Di luar soal teknis pengundangan, Sony mempertanyakan urgensi pembentukan badan koordinasi ini. “Pertanyaan paling penting, mengapa harus dibentuk badan koordinasi. Apakah yang ada sekarang tidak cukup. Lalu, bagaimana sifat badan baru ini, apakah sementara atau tetap,” kritisnya.

Satu hal yang pasti, lanjutnya, pembentukan badan baru berarti penambahan beban bagi anggaran negara. “Tentu harus ada penganggaran baru, sekretariat baru, dan lainnya. Sementara, badan non-kementerian yang sudah ada saat ini sudah banyak sekali,” ujarnya.

Kekhawatiran Sony tidak berlebihan. Hasil penelitian Lembaga Kajian dan Advokasi untuk Independensi Peradilan (LeIP), Indonesia memiliki setidaknya lima puluh tiga lembaga non struktural, baik yang berada di bawah pemerintah maupun independen.

Peneliti Pusat Studi Hukum dan Kebijakan (PSHK), Ronal Rofiandri, mengatakan banyak di antara lembaga itu yang tidak jelas tugas serta kinerjanya.

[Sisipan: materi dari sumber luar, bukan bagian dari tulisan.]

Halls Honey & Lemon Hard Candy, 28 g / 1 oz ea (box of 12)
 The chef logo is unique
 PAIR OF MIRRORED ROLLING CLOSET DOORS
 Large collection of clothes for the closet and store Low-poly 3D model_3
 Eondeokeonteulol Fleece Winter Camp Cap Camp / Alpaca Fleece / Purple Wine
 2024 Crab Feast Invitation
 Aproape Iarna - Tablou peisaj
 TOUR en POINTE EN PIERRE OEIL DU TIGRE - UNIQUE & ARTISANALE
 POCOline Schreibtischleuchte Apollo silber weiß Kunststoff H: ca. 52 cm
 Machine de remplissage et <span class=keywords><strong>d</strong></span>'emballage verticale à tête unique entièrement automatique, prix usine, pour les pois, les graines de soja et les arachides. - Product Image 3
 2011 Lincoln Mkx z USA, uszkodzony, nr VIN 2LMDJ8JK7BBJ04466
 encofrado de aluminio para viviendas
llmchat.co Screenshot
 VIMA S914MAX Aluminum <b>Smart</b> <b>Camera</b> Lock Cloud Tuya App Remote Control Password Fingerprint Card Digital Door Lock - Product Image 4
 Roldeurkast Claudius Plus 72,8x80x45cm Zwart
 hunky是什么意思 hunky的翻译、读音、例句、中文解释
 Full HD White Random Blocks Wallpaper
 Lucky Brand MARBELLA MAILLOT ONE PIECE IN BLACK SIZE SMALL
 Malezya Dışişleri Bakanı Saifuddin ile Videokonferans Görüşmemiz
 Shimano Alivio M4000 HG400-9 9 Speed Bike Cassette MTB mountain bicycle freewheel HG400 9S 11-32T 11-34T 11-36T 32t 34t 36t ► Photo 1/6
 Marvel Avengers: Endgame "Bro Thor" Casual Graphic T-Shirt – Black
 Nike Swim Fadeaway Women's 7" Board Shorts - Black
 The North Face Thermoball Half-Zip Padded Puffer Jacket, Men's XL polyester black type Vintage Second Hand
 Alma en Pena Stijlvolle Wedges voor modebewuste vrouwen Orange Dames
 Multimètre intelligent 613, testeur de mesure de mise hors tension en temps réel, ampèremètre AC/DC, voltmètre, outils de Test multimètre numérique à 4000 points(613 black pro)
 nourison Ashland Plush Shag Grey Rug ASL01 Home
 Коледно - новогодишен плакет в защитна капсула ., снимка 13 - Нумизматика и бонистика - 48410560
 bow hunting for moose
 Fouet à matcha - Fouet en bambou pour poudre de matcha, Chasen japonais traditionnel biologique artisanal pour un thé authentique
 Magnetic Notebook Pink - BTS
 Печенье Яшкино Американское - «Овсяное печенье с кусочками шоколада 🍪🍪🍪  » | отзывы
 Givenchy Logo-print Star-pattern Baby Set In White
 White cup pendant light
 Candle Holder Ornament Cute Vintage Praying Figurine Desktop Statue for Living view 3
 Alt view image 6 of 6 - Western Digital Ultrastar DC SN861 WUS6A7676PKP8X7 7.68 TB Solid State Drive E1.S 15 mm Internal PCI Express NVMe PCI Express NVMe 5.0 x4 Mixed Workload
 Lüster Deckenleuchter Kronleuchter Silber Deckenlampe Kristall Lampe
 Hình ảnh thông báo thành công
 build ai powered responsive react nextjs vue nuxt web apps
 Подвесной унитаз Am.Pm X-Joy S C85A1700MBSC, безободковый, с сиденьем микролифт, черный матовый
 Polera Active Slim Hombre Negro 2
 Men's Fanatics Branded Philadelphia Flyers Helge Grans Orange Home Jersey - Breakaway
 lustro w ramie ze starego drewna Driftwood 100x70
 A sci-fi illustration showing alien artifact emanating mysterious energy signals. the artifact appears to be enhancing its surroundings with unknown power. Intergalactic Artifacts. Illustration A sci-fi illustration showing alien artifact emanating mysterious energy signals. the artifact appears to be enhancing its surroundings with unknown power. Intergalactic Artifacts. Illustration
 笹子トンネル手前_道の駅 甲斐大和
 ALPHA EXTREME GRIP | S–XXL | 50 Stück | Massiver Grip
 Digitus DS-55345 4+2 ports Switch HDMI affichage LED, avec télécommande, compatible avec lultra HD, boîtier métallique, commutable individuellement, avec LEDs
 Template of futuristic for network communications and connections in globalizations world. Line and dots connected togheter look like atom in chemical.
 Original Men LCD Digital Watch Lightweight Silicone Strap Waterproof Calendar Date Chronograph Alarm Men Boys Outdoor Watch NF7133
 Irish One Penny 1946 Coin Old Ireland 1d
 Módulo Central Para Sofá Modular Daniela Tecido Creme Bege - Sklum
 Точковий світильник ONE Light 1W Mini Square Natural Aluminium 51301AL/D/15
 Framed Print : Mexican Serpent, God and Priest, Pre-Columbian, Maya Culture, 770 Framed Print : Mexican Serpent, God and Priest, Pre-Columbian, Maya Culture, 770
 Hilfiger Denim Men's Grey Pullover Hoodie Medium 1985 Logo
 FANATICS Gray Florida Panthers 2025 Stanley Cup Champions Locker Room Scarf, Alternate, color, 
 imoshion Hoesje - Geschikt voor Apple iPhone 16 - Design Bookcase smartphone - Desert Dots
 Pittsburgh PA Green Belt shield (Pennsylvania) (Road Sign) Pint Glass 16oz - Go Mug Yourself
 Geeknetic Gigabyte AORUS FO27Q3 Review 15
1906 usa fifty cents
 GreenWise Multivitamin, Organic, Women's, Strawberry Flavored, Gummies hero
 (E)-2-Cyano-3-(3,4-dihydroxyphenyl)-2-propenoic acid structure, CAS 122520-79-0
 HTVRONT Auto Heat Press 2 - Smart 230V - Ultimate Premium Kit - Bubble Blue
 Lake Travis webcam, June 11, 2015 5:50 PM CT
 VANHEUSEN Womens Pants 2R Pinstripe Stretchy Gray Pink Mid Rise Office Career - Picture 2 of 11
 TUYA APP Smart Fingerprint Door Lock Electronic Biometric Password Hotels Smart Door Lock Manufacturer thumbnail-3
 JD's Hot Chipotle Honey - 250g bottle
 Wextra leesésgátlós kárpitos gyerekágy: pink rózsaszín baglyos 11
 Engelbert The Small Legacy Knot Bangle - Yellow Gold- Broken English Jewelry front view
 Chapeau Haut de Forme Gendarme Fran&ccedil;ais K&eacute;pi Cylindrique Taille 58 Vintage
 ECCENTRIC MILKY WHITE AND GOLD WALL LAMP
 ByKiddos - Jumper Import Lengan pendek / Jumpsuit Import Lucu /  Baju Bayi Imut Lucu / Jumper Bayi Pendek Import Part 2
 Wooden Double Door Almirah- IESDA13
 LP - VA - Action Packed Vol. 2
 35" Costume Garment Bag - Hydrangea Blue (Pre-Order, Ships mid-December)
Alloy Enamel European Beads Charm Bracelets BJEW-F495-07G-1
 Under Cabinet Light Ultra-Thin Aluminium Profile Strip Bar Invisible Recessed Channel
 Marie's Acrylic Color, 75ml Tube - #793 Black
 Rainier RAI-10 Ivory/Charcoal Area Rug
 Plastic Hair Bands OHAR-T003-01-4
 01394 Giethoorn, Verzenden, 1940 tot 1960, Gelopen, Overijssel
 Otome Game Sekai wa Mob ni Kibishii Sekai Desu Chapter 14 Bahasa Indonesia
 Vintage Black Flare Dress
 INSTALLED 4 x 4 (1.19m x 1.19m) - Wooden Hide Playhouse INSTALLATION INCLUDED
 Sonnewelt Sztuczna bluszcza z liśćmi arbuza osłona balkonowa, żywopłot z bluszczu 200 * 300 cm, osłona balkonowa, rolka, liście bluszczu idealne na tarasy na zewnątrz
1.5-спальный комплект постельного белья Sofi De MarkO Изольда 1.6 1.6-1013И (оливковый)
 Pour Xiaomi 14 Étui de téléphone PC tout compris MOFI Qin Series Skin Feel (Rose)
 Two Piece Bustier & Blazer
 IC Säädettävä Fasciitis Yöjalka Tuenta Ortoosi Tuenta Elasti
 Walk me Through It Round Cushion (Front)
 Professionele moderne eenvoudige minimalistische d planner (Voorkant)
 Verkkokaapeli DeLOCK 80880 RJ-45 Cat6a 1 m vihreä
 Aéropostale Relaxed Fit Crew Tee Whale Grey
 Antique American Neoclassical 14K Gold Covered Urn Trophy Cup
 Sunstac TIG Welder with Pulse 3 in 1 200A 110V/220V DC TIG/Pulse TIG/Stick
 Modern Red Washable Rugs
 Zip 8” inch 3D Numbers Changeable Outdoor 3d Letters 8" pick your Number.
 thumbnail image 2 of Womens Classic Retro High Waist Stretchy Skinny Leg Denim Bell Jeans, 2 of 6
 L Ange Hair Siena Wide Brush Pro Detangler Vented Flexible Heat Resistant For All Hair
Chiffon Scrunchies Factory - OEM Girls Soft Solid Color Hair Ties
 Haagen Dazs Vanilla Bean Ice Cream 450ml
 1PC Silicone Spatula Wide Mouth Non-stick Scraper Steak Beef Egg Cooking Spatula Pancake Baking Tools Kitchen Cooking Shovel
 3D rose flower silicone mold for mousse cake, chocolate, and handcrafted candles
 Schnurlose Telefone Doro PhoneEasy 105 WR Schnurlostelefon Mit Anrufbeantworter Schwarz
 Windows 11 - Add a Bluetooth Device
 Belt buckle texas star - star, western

Beberapa juga terlihat memiliki tugas yang sama.

Kita baru tahu ada Dewan Gula Nasional, Dewan Buku Nasional, atau Badan Pengembangan Kehidupan Bernegara. Bahkan, Komisi Kepegawaian Negara, sesuai mandat UU No. 43 Tahun 1999 tentang Pokok-Pokok Kepegawaian ternyata sampai sekarang belum terbentuk. Lebih asing lagi Akademi Ilmu Pengetahuan Indonesia (AIPI), yang tidak sepopuler LIPI,” pungkasnya.

Keberadaan lembaga yang berlebihan ini tentu miris di tengah keluhan pemerintah mengenai kurangnya anggaran negara untuk subsidi berbagai kebutuhan dasar rakyat.